Vendredi dernier Galloway a appris, par l’entremise d’un
article publié dans le tabloïde britannique de Rupert Murdoch, le Sun,
que les autorités canadiennes lui interdisaient de séjourner au pays. Le
ministre conservateur de l’Immigration Jason Kenney a farouchement défendu
l’ordre d’interdiction de séjour, qui a été officiellement donné par l’Agence
des services frontaliers du Canada, et a juré qu’il n’allait en aucune
circonstance user de sa prérogative de ministre pour délivrer un permis de
séjour à Galloway.
Galloway doit participer à une série de rencontres
intitulées « Resisting war from Gaza to Kandahar » (Résister à la
guerre de Gaza à Kandahar) à Toronto le 30 mars, Mississauga le 31 mars,
Montréal le 1er avril et Ottawa le 2 avril.

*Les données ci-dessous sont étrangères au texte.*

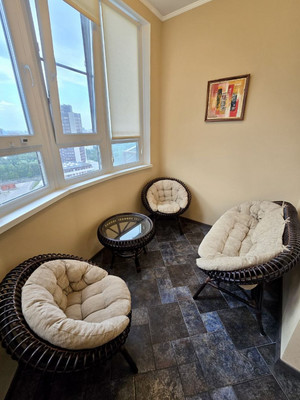 Продам трехкомнатную (3-комн.) квартиру, Севастопольский пр-кт, 28к8, Москва г
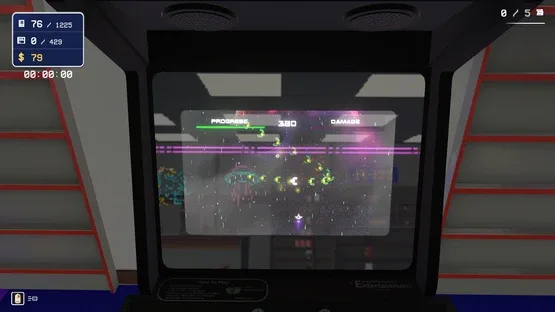 VHS Chaos screenshot 8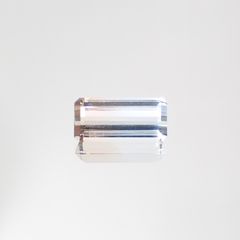 バイカラートパーズ ウクライナ産 2.77ct[231024044]11.4x5.4mm前後
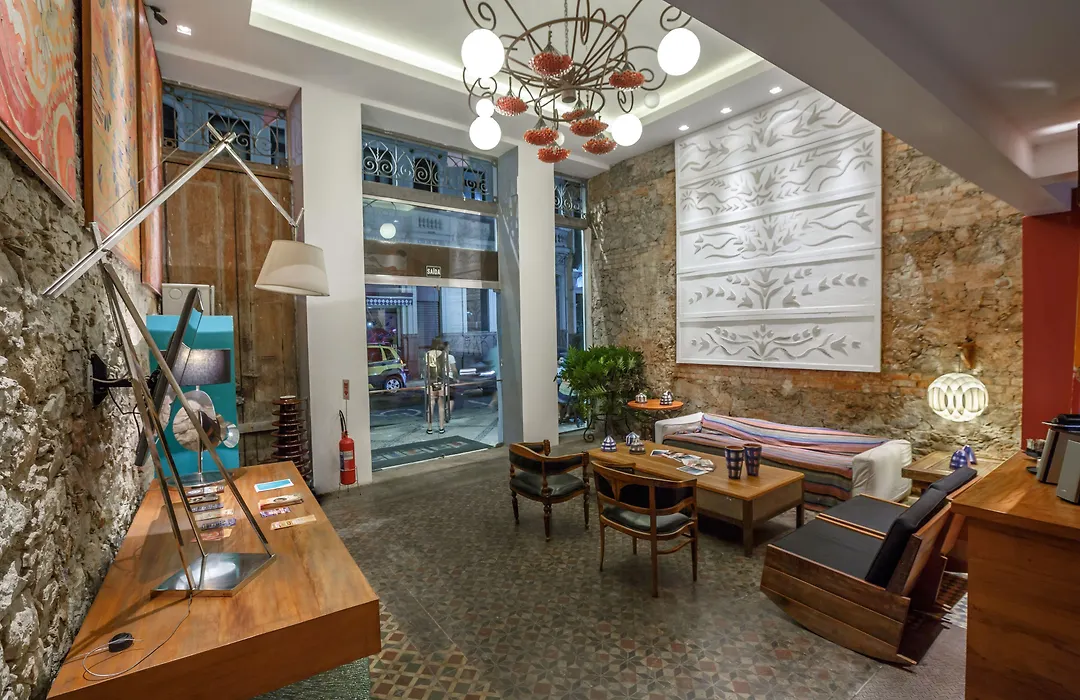 Le Chateau Lapa Boutique Hotel-1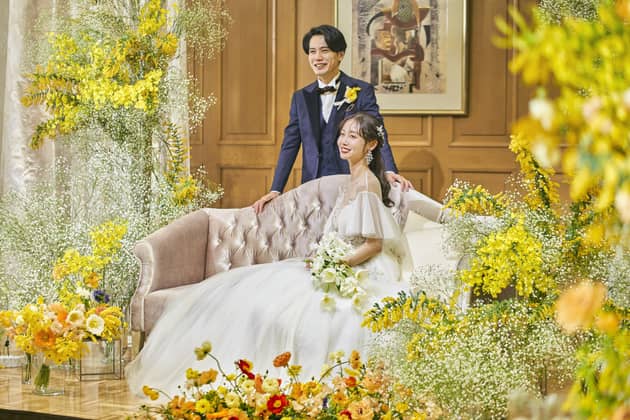 【公式】ホテルオークラ福岡｜ウエディング・結婚式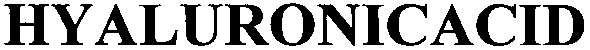hyaluronicacid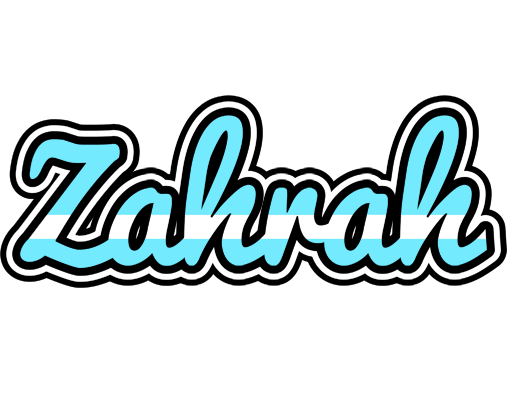 Zahrah argentine logo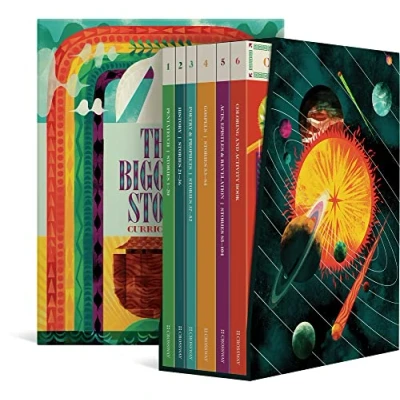 Afbeelding van The Biggest Story Curriculum: Box Set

En réponse aux accusations provenant de groupes
anti-guerres, d’organisations des libertés civiles, du NPD et même des médias
de la grande entreprise qui dénoncent l’ordre d’interdiction de séjour comme
étant de la censure, Kenney a insisté que « ce qui est en jeu » n’est
pas le droit des Canadiens à entendre les positions de Galloway.

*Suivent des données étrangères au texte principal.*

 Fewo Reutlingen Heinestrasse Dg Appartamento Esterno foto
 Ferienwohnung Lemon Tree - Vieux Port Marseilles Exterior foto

L’ordre d’interdiction de séjour, a soutenu le ministre
conservateur, « n’a rien à voir avec la liberté d’expression et tout à
voir avec le maintien de l’intégrité de notre loi sur l’immigration, qui dit
que les individus qui fournissent du matériel et soutiennent financièrement une
organisation terroriste illégale ne peuvent entrer au Canada ».
La lettre envoyée vendredi dernier à Galloway par le
Haut-commissariat du Canada à Londres affirme que le député britannique
« ne peut être reçu » au Canada « pour raisons de
sécurité » selon les clauses C et F de la Section 34 de la Loi sur
l’Immigration et la protection des réfugiés du Canada. Ces clauses
soulignent que des ressortissants étrangers peuvent se voir interdire de séjour
au Canada s’ils « se livrent au terrorisme » ou s’ils « sont
membres d’une organisation dont il y a des motifs raisonnables de croire
qu’elle est, a été ou sera l’auteur » de terrorisme ou
« l’instigatrice ou l’auteure d’actes visant au renversement d’un
gouvernement par la force ».
« En particulier », dit la lettre du
gouvernement canadien, « nous détenons des informations qui indiquent qui
vous avez organisé un convoi d’une valeur de plus d’un million de livres
britanniques en aide et en véhicules, et que vous avez fait don personnellement
de véhicules et de financement au premier ministre du Hamas Ismail
Haniya. »
L’assertion du gouvernement qu’organiser de l’aide pour la
population appauvrie et assiégée de Gaza, alors qu’Israël maintient un blocus
économique punitif, constitue un soutien au terrorisme est à la fois absurde et
effrayante. Cela met en lumière les larges pouvoirs arbitraires que le
gouvernement du Canada, avec l’appui de tous les partis du parlement canadien,
s’est arrogés au nom de la lutte contre le terrorisme.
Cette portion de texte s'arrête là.